Utiliser à bon escient les déductions fiscales permet de réduire ses charges. Dans la première partie de notre dossier fiscal, nous vous présentons les principales déductions professionnelles et générales. Vous découvrirez aussi les changements importants pour vous.
Peut-être que vous aussi, vous remplissez votre déclaration fiscale à l’ordinateur. C’est pratique et bien plus rapide. Certaines déductions sont même effectuées automatiquement par le système. Mais ne vous y trompez pas: vous devez procéder vous-même, de manière individuelle, à de nombreuses déductions fiscales. Pas étonnant dès lors qu’optimiser ses déductions fiscales soit devenu un véritable sport national. D’autant plus que ces déductions ont une importance décisive dans notre système fiscal:
Rien que pour l’impôt fédéral direct, elles totalisent quelque 10 milliards de francs par an.

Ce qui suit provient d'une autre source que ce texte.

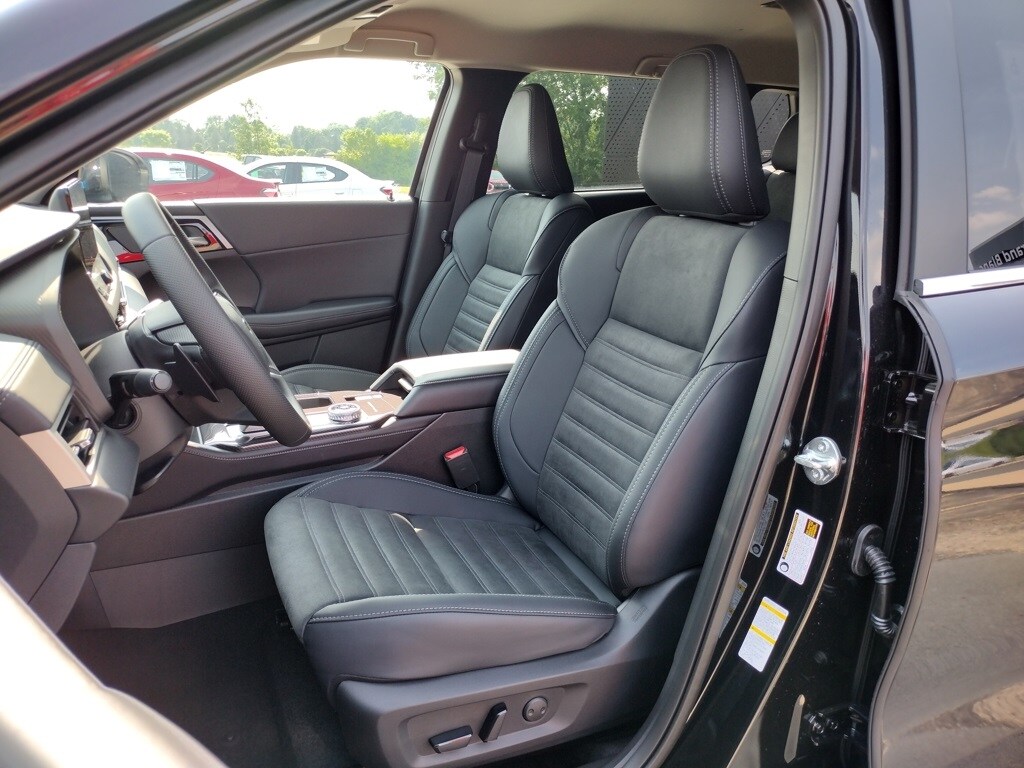 2025 Mitsubishi Outlander SE photo 2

Hélas, les règles fiscales deviennent de plus en plus compliquées. Le plafonnement des déductions pour pendulaires en est un bel exemple: selon les cantons, des limites fort différentes s’appliquent. L’utilisation d’une voiture de fonction est également soumise à de nouvelles modalités. Avec notre série «5 x 10 conseils fiscaux», nous voulons vous aider à garder la vue d’ensemble dans cette jungle fiscale.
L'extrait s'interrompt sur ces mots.